Today, We Are Called to Surrender

Sunday, June 3 (O.S., May 21), 2018: First Sunday after Pentecost; All Saints; Holy Equals-to-the-Apostles Emperor Constantine (337) and Helen, his mother (327). St. Cassian the Greek, monk (1504).

Epistle: Hebrews 11:33-40; 12:1-2
Gospel: Matthew 10:32-33; 37-38; 19:27-30

Glory to Jesus Christ!

There’s something odd about the spiritual life.

Generally, we think about life as a process of acquisition. As we grow older we gain knowledge and skills, friends and possessions. Taking St Paul’s Letter to the Hebrews as our guide to the spiritual life, however, points us in a different direction.

For the Apostle, the spiritual life is not about acquisition but, as he says, “laying aside every weight and sin” which would keep us from running “with perseverance the race that is set before us.”

Especially at the beginning to follow Jesus, “the pioneer and perfector of our faith” will often feel like a series of loses.

Jesus Himself alludes to this in His words to the disciples:

He who loves father or mother more than me is not worthy of me; and he who loves son or daughter more than me is not worthy of me; and he who does not take his cross and follow me is not worthy of me.

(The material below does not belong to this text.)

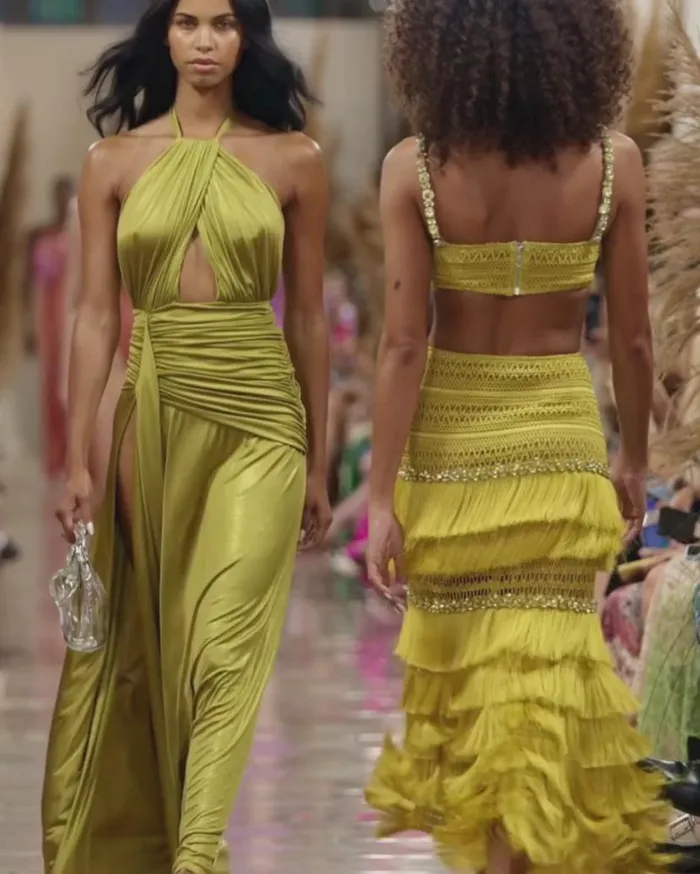 Ready To Wear Metallic Jersey Halterneck Maxi Dress PatBO Dresses and Jumpsuits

Hearing this, and with his usual self-effacing subtly, St Peter replies “Lo, we have left everything and followed you. What then shall we have?”

If Paul would have me lay aside my sin, Peter reminds me that I must lay aside not only sin but “everything.” That is to say, I can’t love anything or anyone more that Jesus. Even those relationships that are the foundation of human life and have been with us from the beginning–father, mother, son and daughter–must be surrendered.

And in their place, I am called to take up my cross and follow Jesus unreservedly.

As I said, especially in its first moments, the spiritual life often feels like a series of losses.

What is lost, however, is not “houses or brothers or sisters or father or mother or children or lands”–these are returned to us “a hundredfold” and with “eternal life” as well. The command to pick our cross and follow Jesus is not a command to hate our family, to despise the work we do, or to turn against our native land.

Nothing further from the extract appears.